● **To do**
Pictures excluded, copy all of the data below exactly.
Top of Data provided
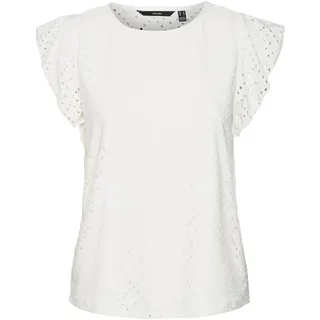 VERO MODA Damen Shirt Bluse mit Loch Muster und Kurzen Flügelärmeln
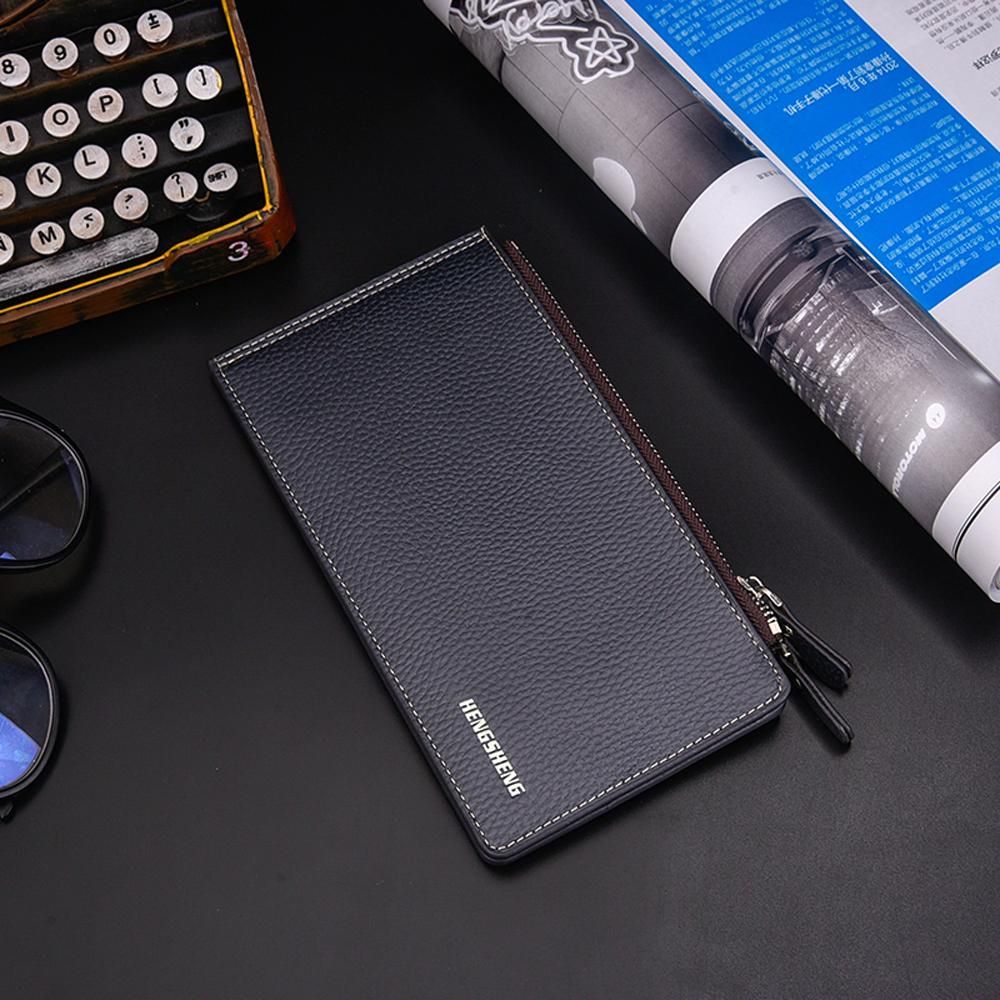 Large Capacity PU Leather Man Teenager Double Zipper Credit Card Cash Coin Pocket Wallet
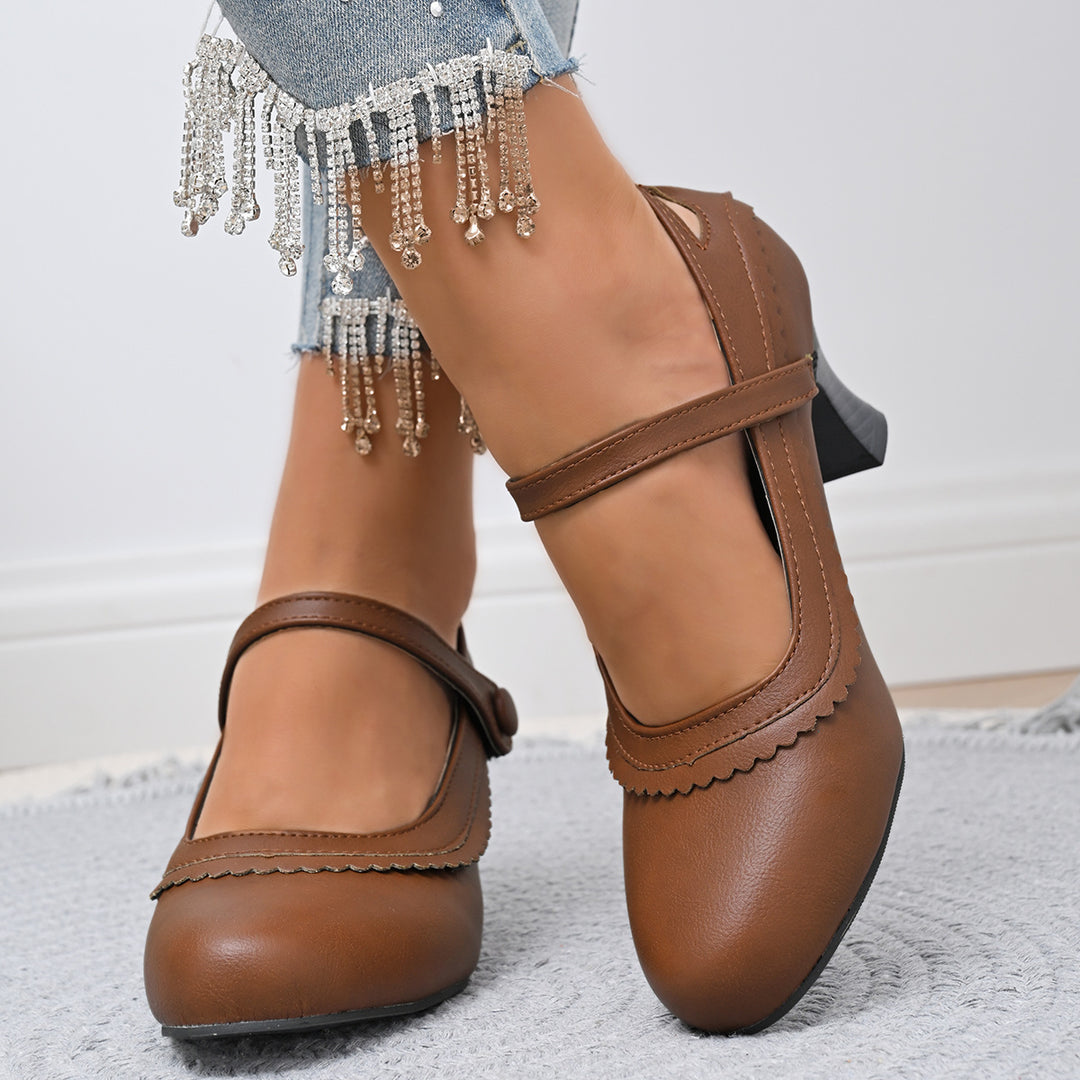 Damen elegante Mary Jane Pumps mit schicker Schnalle und komfortablem Absatz R&B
Bottom of Data provided
● **Exercise output**
 VERO MODA Damen Shirt Bluse mit Loch Muster und Kurzen Flügelärmeln
 Large Capacity PU Leather Man Teenager Double Zipper Credit Card Cash Coin Pocket Wallet
 Damen elegante Mary Jane Pumps mit schicker Schnalle und komfortablem Absatz R&B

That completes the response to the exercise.